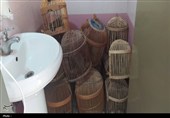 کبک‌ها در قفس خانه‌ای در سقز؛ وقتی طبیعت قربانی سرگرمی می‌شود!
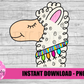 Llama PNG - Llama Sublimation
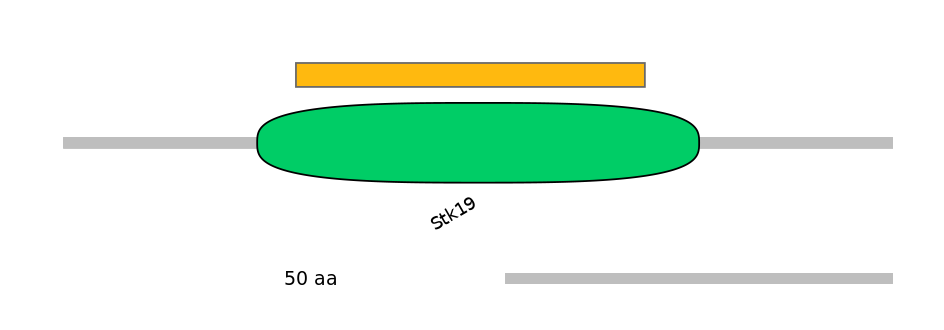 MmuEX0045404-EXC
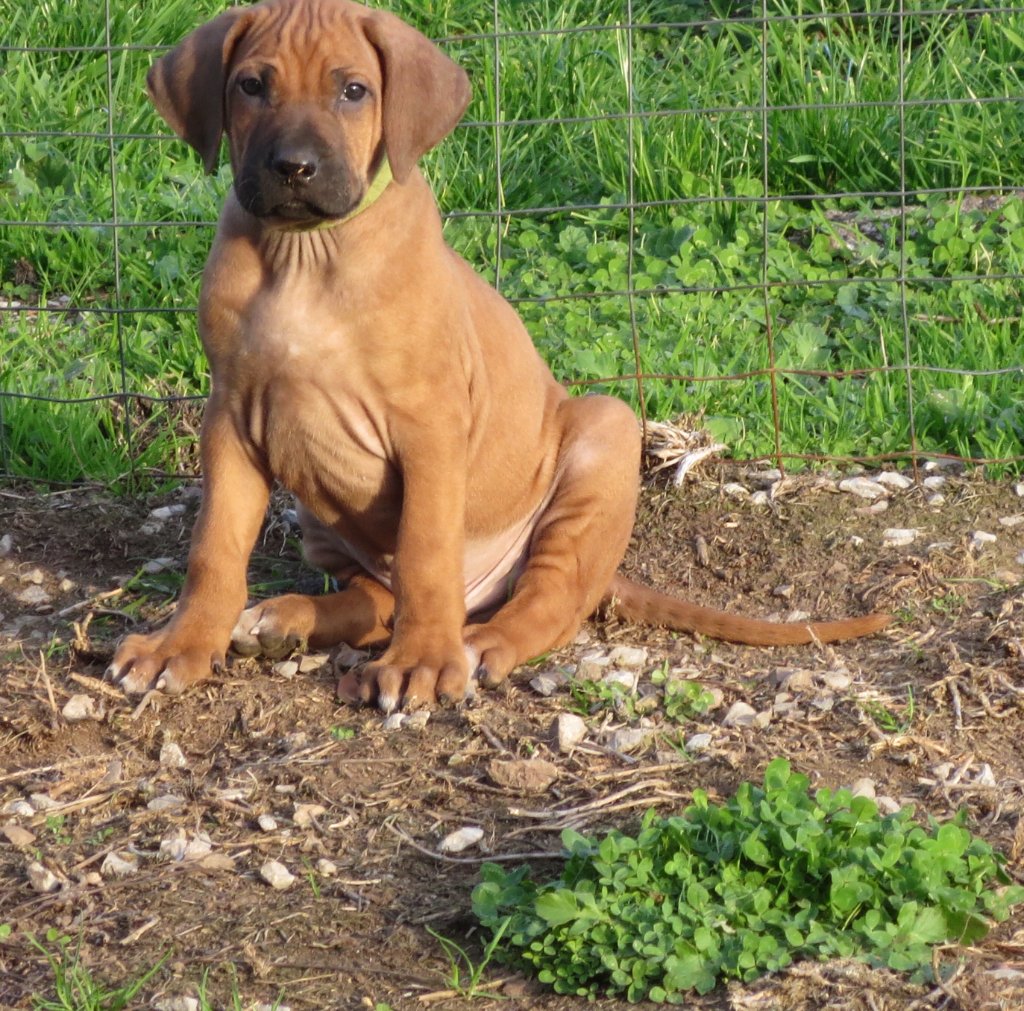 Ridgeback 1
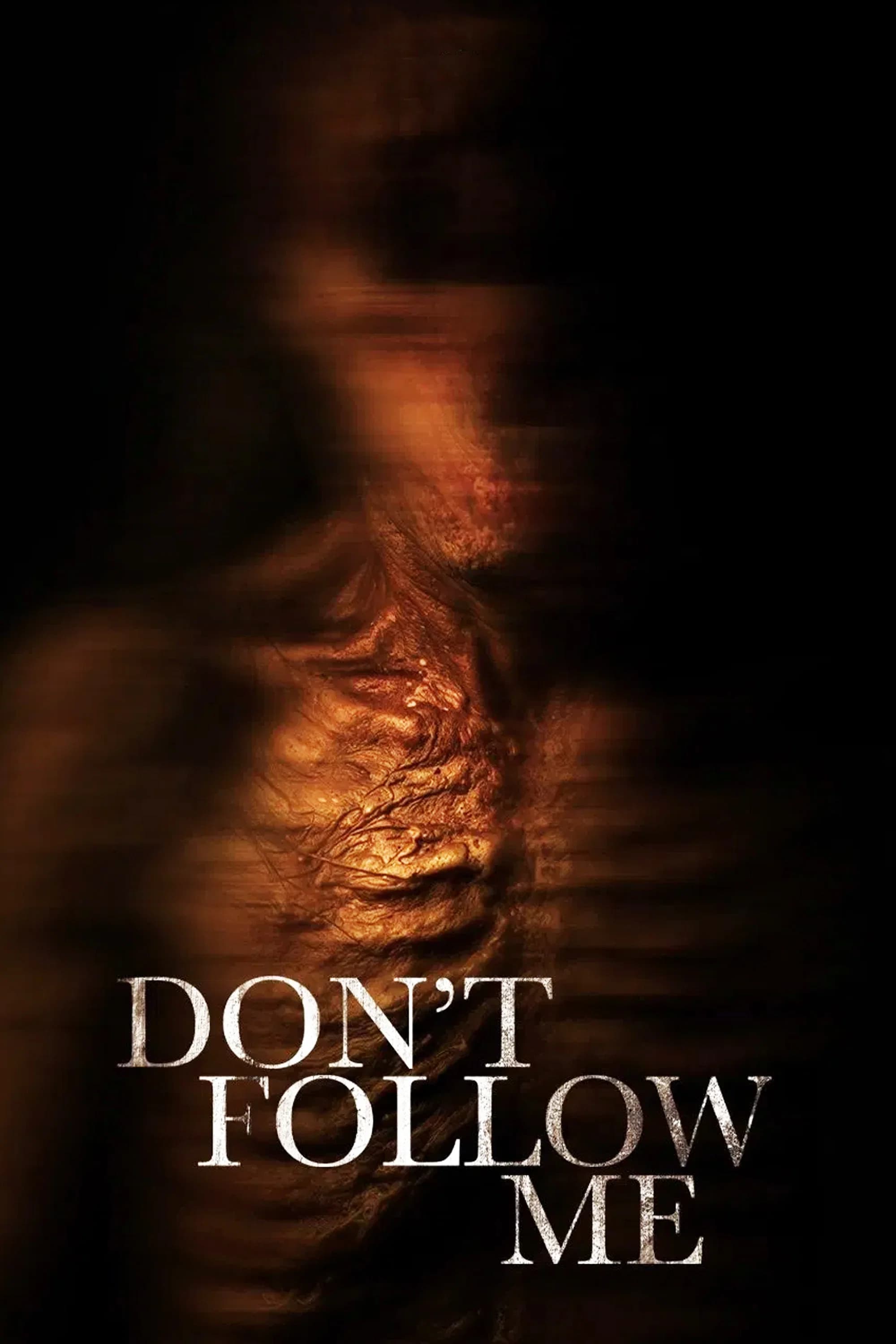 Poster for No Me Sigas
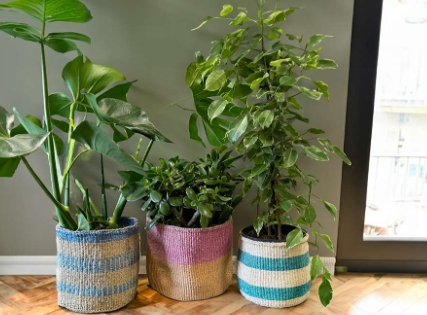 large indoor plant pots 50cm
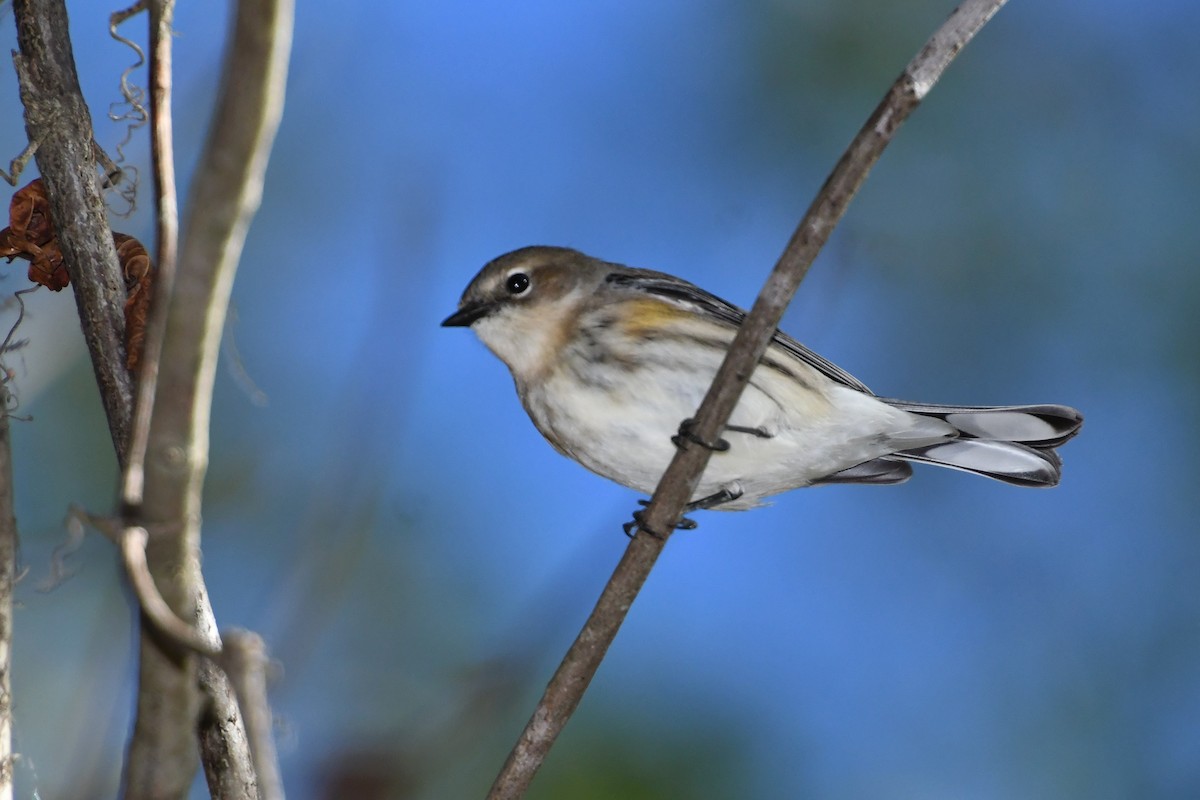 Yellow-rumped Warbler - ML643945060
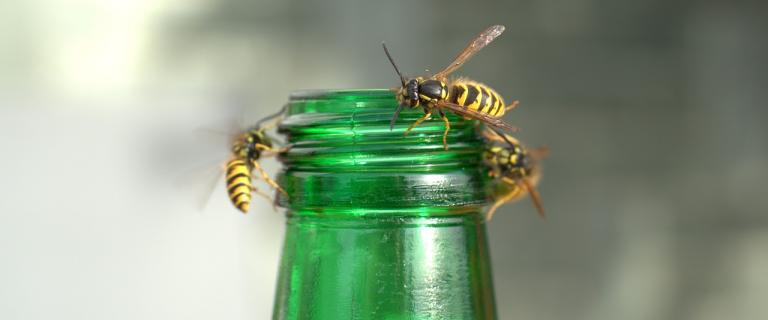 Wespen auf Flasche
---
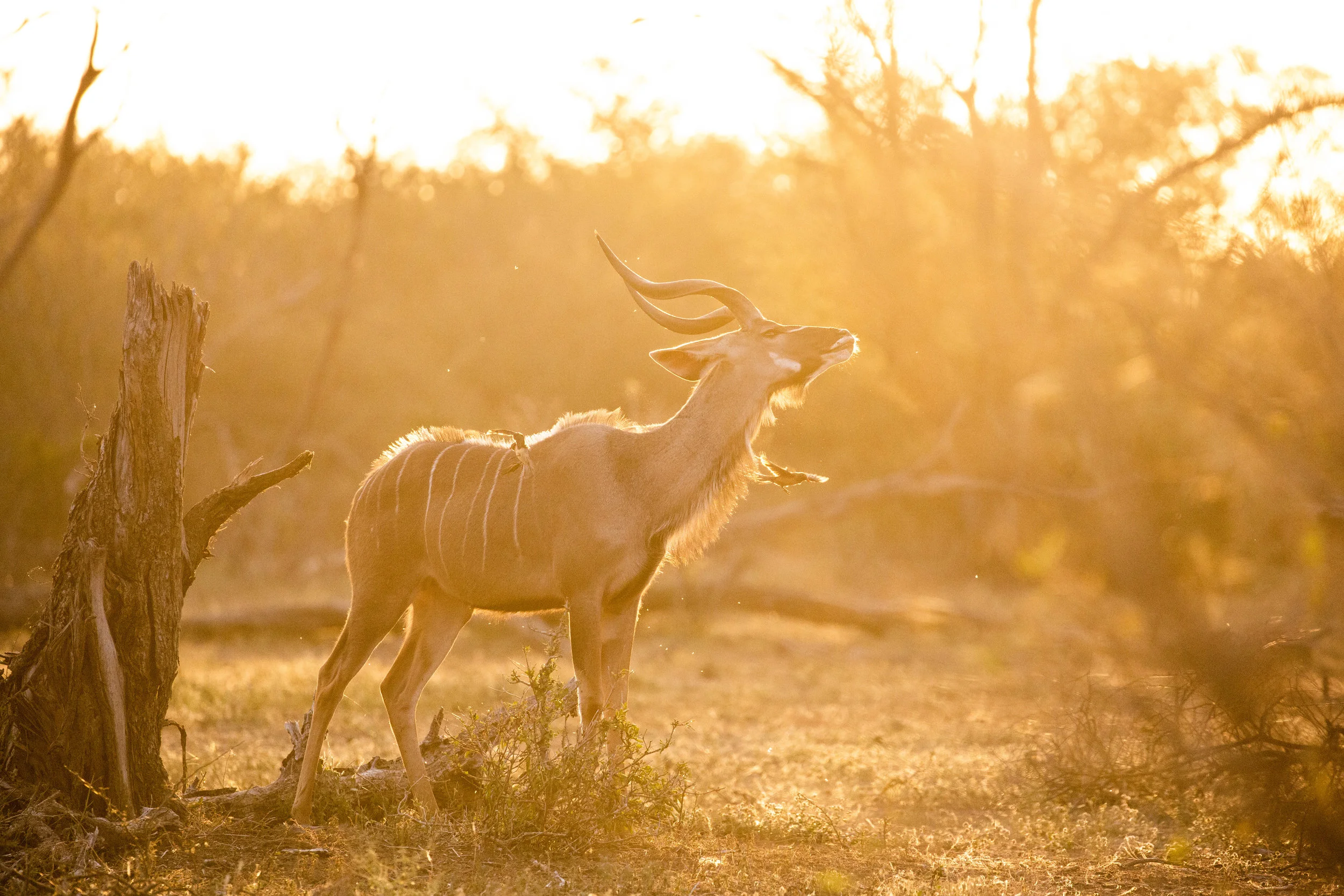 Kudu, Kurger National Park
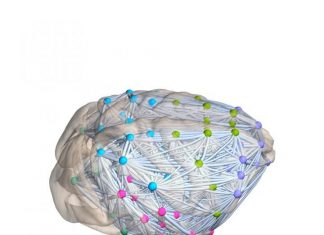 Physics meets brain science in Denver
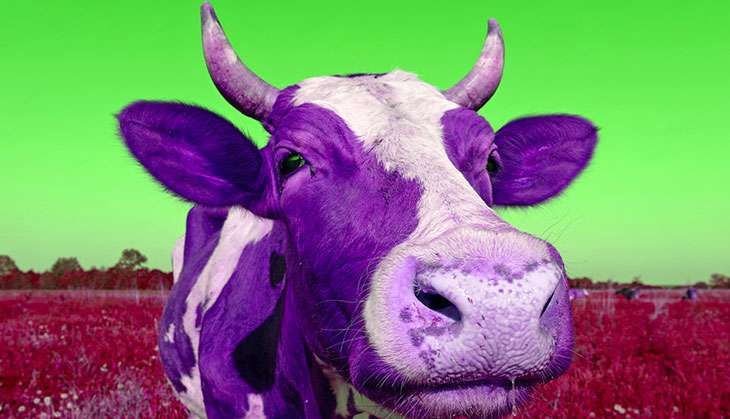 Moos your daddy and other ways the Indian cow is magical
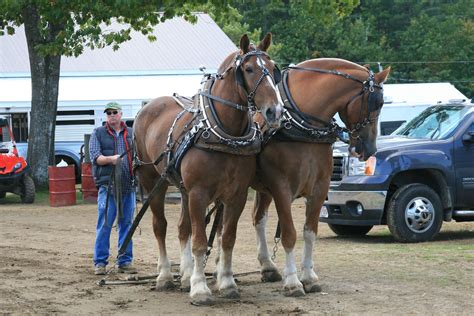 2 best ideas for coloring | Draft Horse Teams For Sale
---
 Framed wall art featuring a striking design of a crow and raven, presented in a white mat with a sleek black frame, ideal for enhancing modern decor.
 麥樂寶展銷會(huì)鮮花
---
*Your task*: Copy exactly the lines of the listing above between the one holding "Yellow-rumped Warbler - ML643945060" and the one holding "Wespen auf Flasche", inclusive; omit all pictures.

*Task response*:
 Yellow-rumped Warbler - ML643945060
 Wespen auf Flasche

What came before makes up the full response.